*** Begin section ***

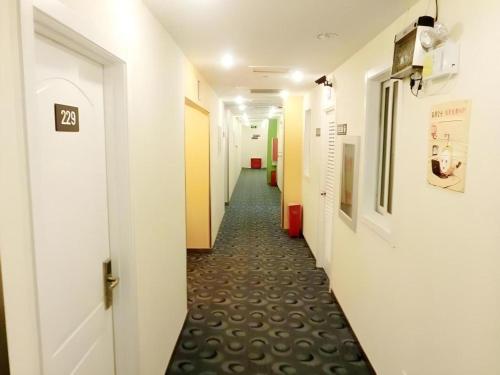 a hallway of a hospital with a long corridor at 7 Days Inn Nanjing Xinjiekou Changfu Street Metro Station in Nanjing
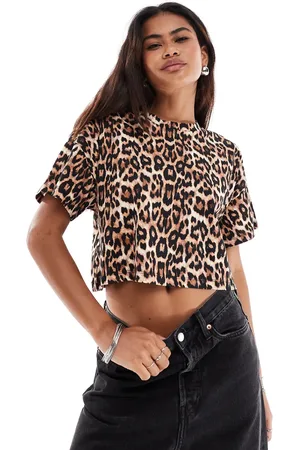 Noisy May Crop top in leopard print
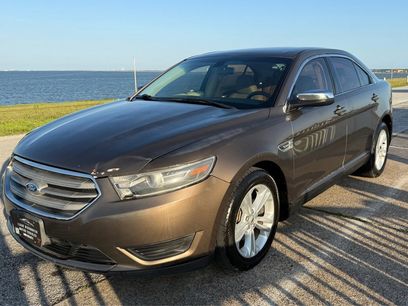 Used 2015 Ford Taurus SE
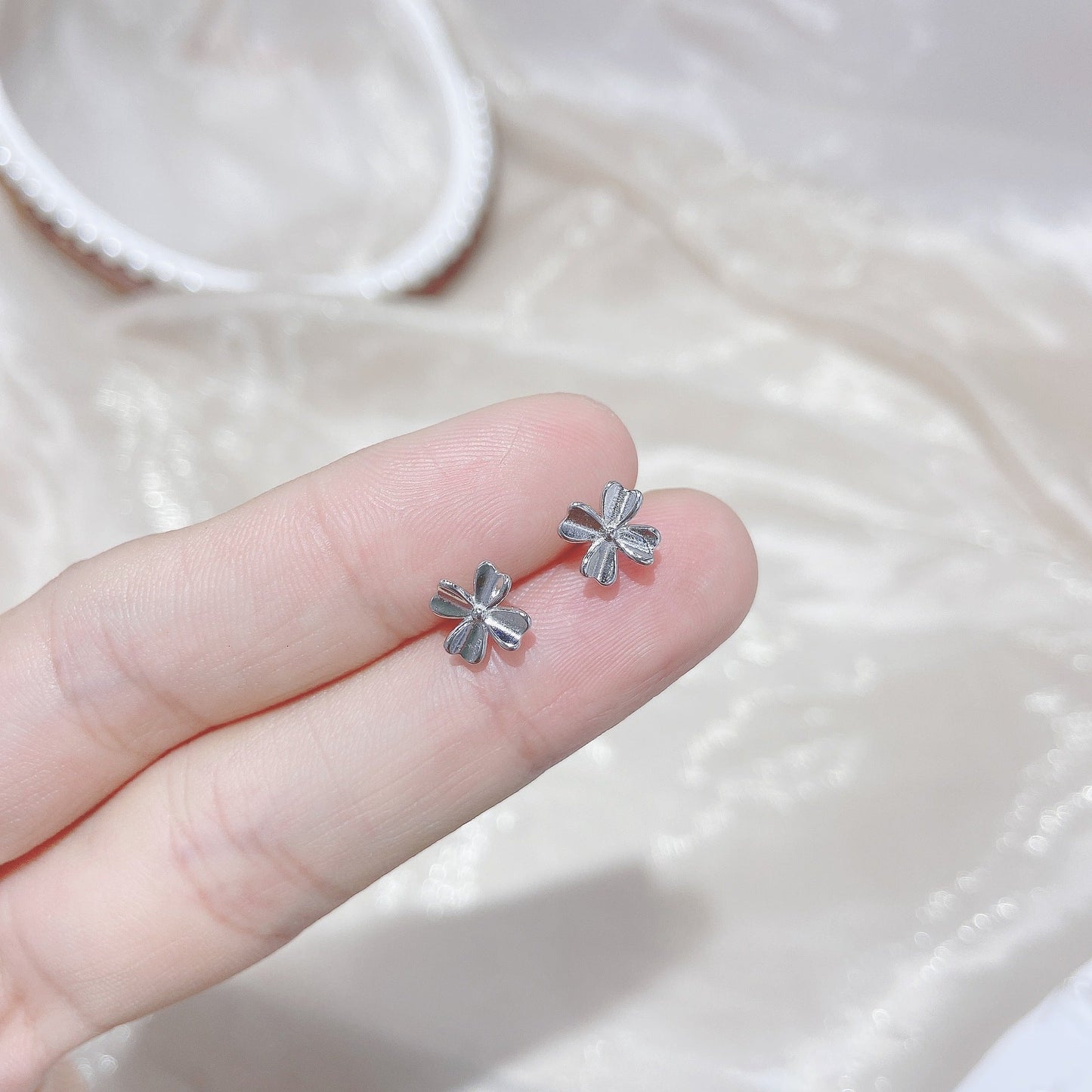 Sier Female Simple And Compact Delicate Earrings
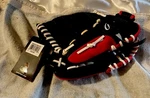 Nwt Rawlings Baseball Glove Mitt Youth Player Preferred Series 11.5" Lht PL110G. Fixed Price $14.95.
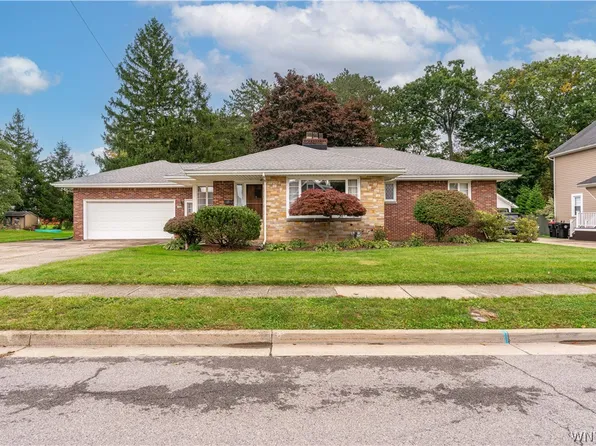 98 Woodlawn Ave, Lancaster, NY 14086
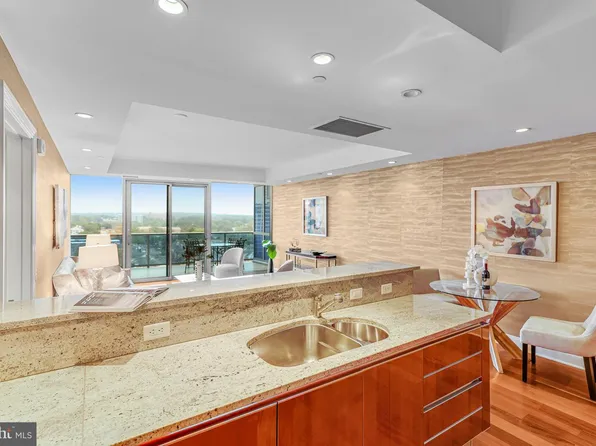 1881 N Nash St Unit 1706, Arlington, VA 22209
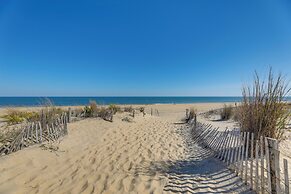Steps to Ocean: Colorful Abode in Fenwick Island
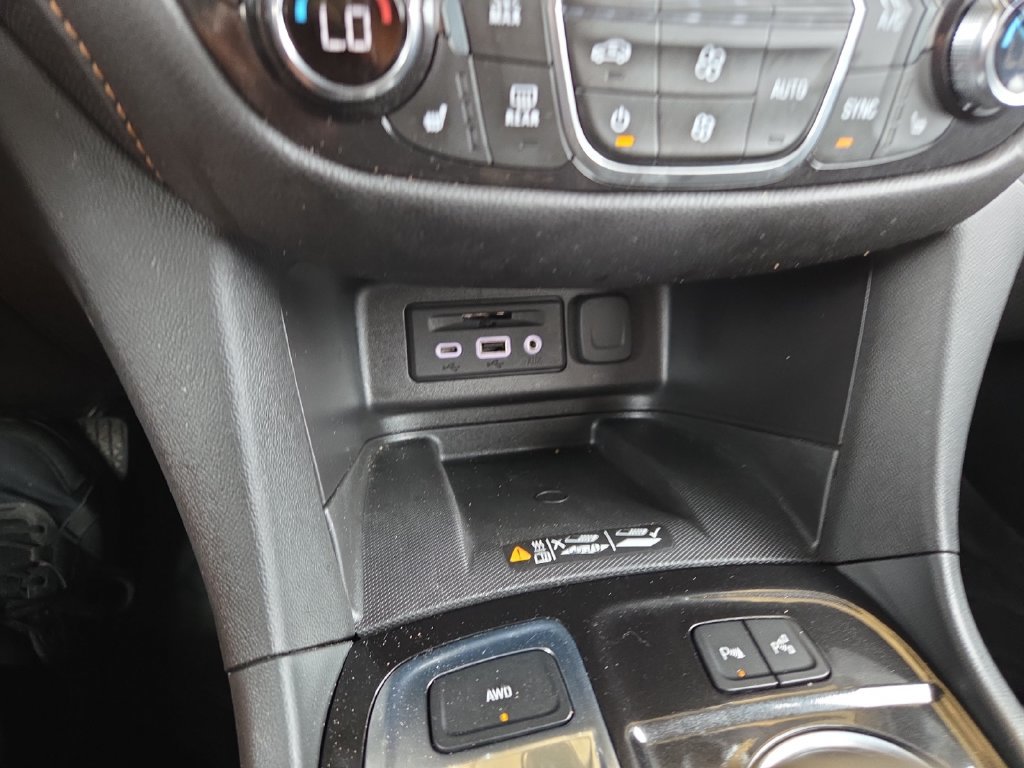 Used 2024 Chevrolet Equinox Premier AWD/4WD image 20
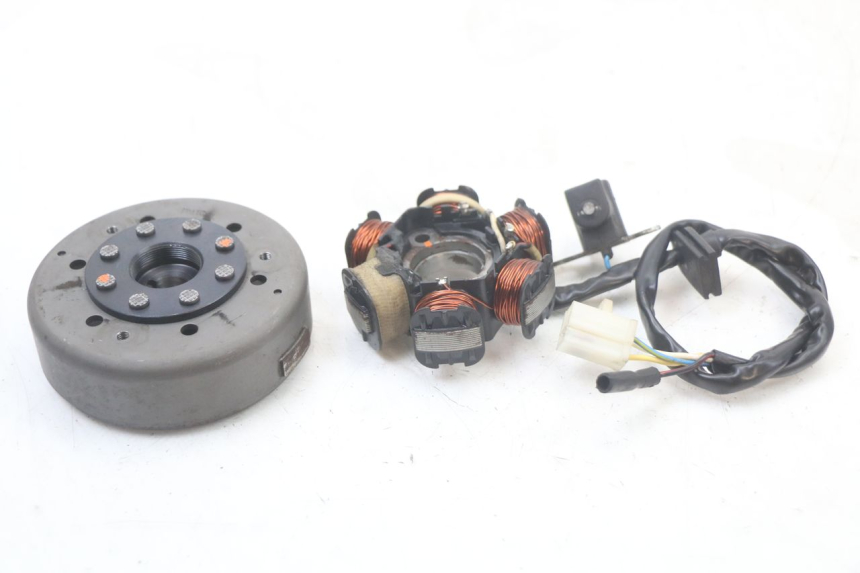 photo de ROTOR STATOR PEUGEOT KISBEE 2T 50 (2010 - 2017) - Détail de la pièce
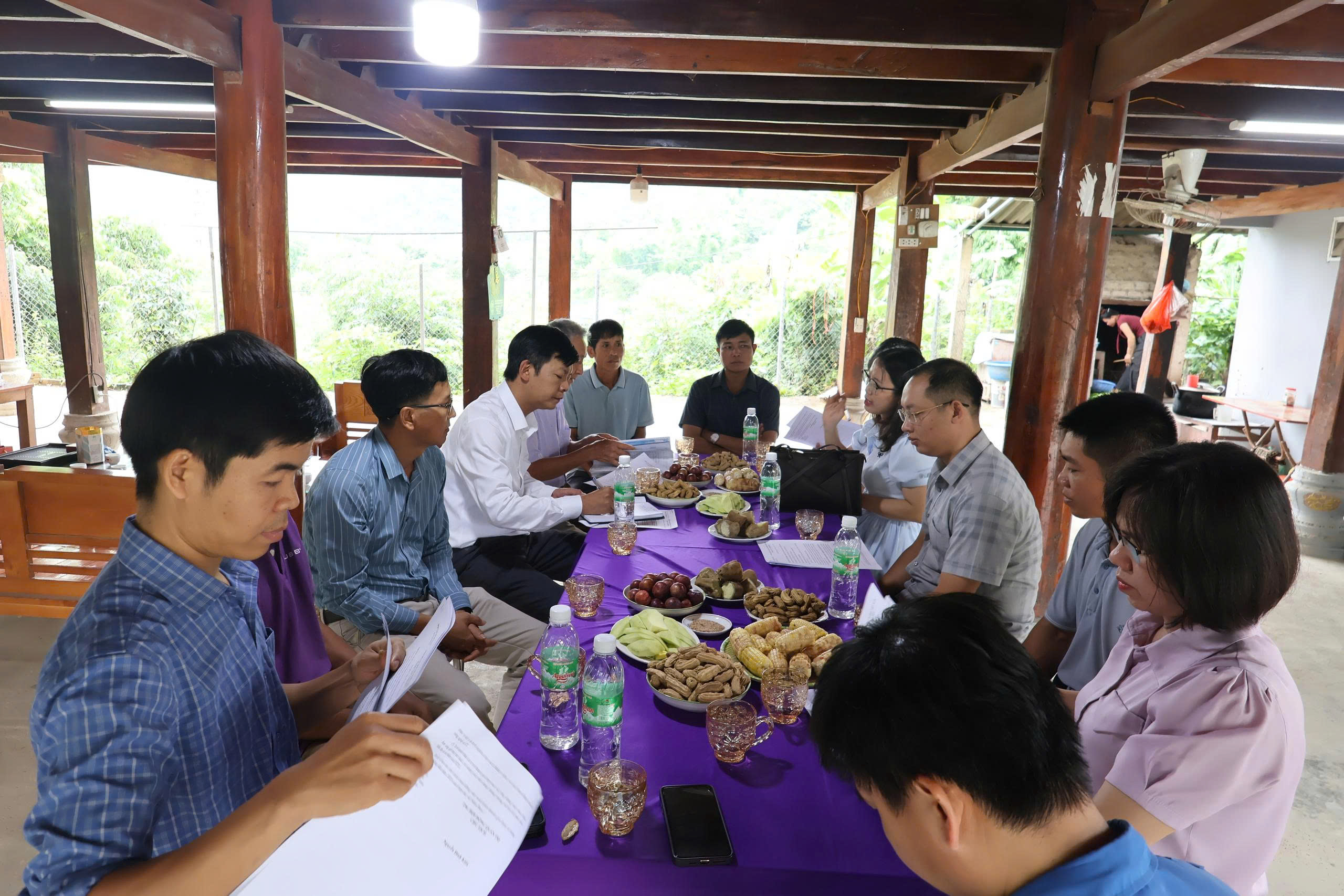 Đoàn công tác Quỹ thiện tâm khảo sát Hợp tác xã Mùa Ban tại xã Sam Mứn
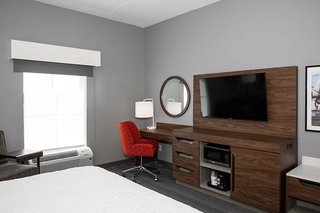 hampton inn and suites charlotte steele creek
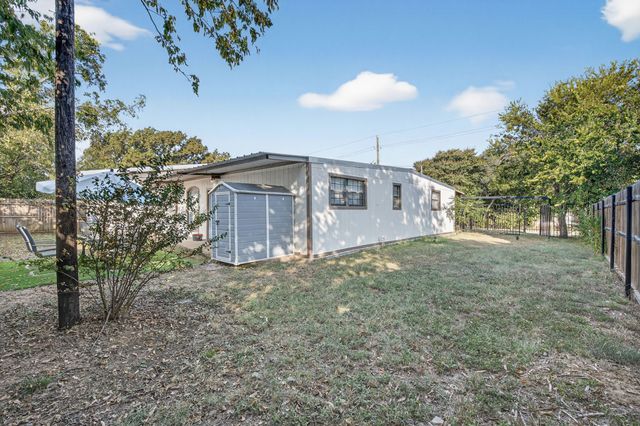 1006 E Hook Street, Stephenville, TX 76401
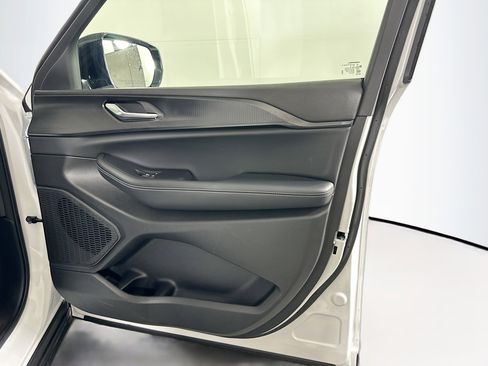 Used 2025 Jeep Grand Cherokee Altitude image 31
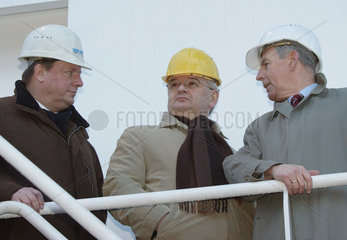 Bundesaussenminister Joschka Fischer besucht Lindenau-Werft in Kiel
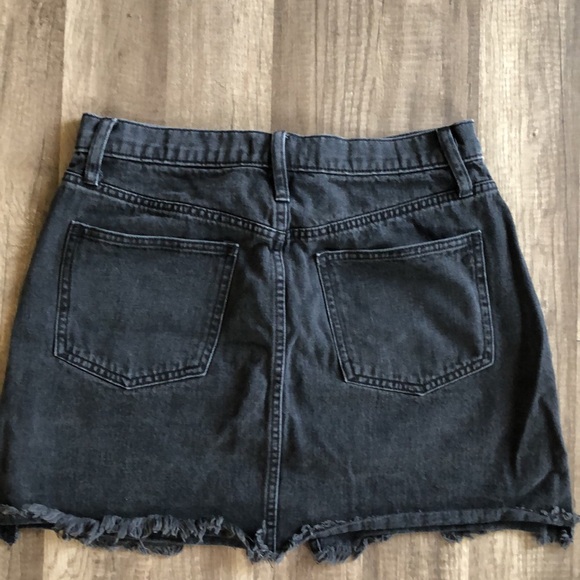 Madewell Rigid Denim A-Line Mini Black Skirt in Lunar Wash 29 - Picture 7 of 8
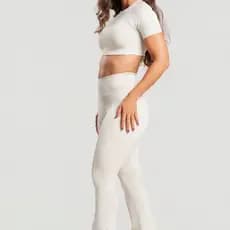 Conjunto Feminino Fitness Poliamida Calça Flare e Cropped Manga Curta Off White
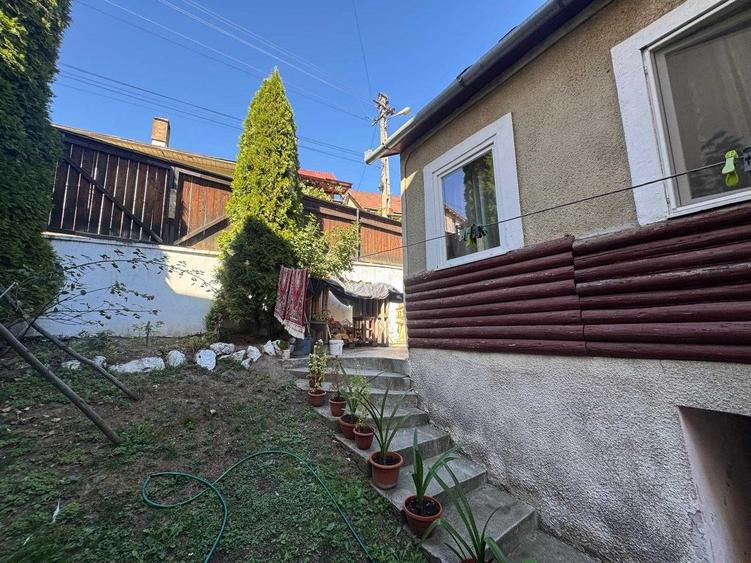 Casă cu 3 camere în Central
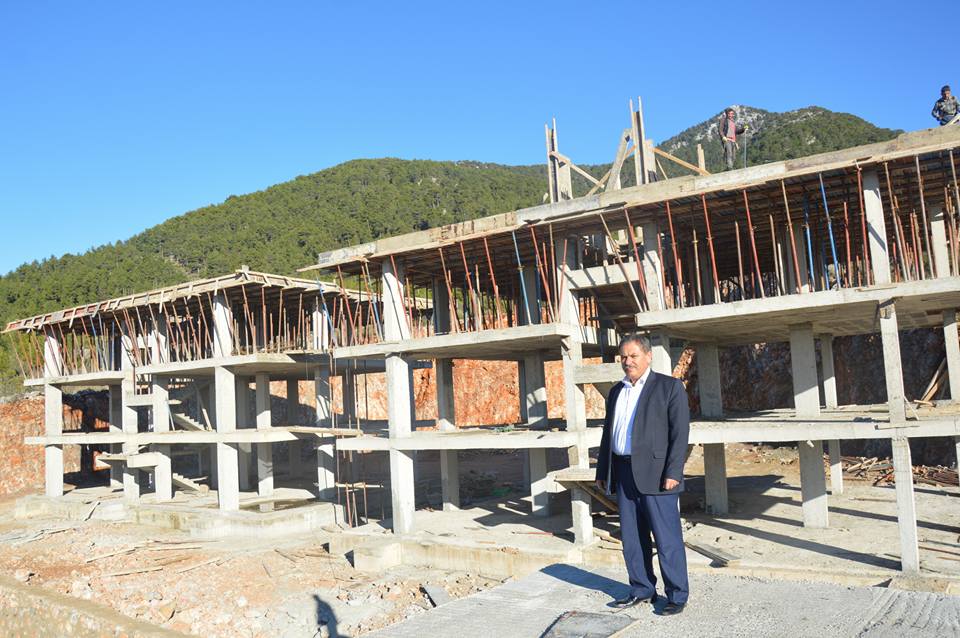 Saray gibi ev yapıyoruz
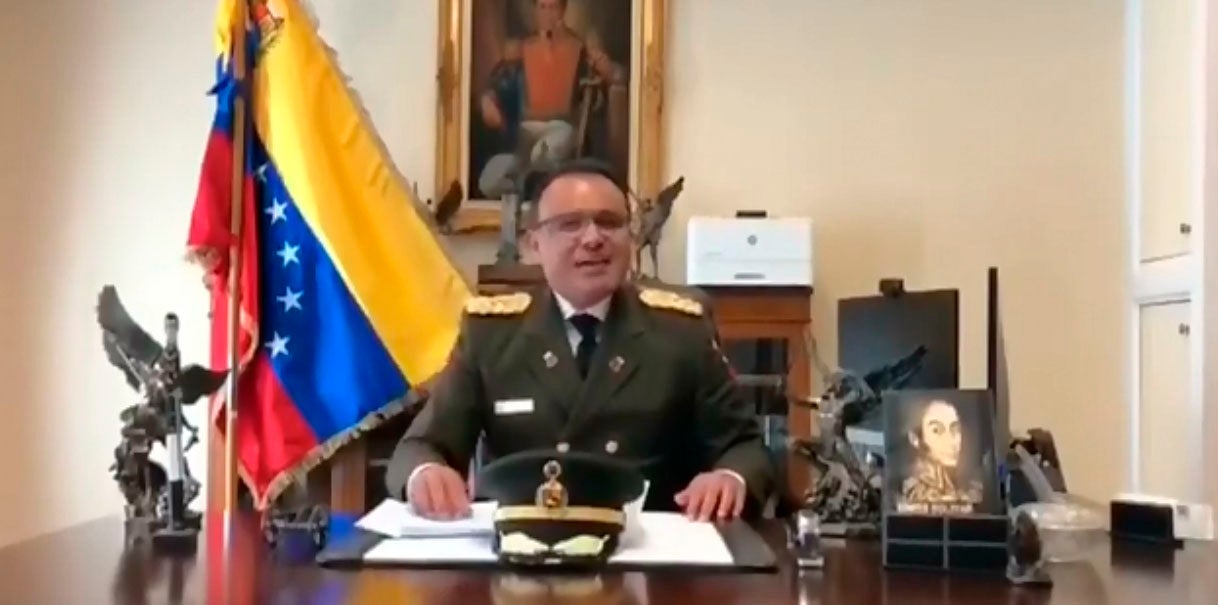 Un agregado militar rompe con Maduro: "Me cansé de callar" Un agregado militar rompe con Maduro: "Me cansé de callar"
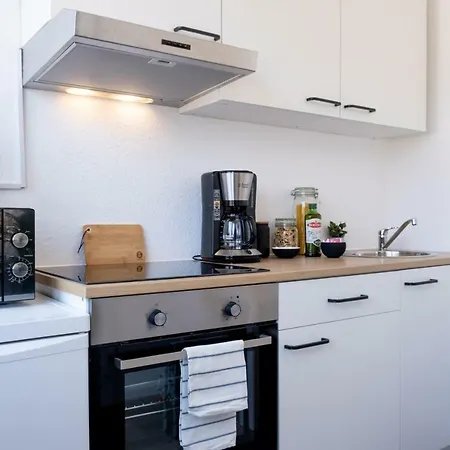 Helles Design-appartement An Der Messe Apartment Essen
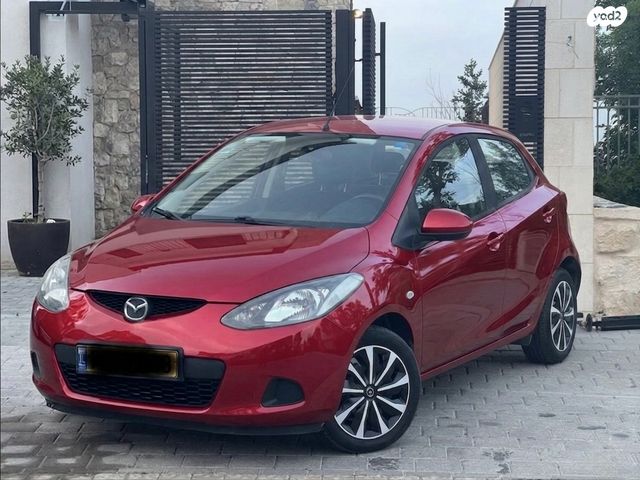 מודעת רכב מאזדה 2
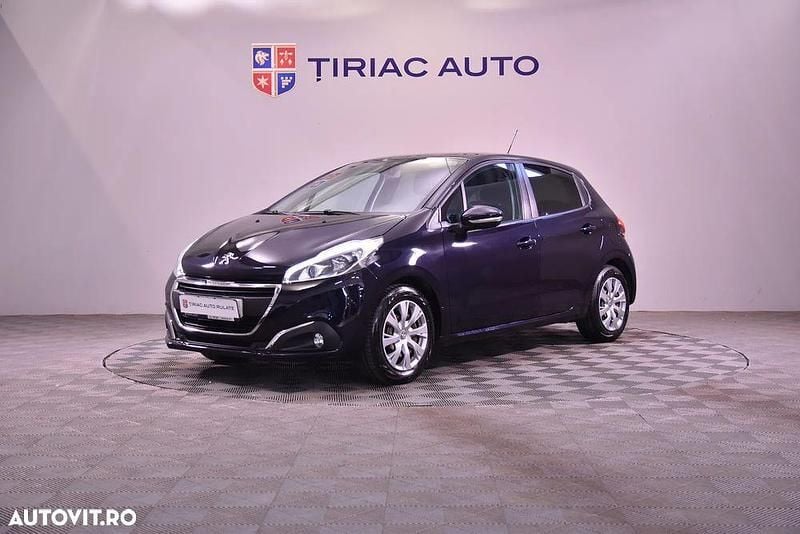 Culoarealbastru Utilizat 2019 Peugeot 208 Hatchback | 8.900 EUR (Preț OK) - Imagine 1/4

*** End section ***

PROMPT:
Give again the stretch of the entries above that begins at the line with "1006 E Hook Street, Stephenville, TX 76401" and ends at the line with "מודעת רכב מאזדה 2", word for word, with no pictures.

SOLUTION TO THIS TASK:
 1006 E Hook Street, Stephenville, TX 76401
 Used 2025 Jeep Grand Cherokee Altitude image 31
 Bundesaussenminister Joschka Fischer besucht Lindenau-Werft in Kiel
 Madewell Rigid Denim A-Line Mini Black Skirt in Lunar Wash 29 - Picture 7 of 8
 Conjunto Feminino Fitness Poliamida Calça Flare e Cropped Manga Curta Off White
 Casă cu 3 camere în Central
 Saray gibi ev yapıyoruz
 Un agregado militar rompe con Maduro: "Me cansé de callar" Un agregado militar rompe con Maduro: "Me cansé de callar"
 Helles Design-appartement An Der Messe Apartment Essen
 מודעת רכב מאזדה 2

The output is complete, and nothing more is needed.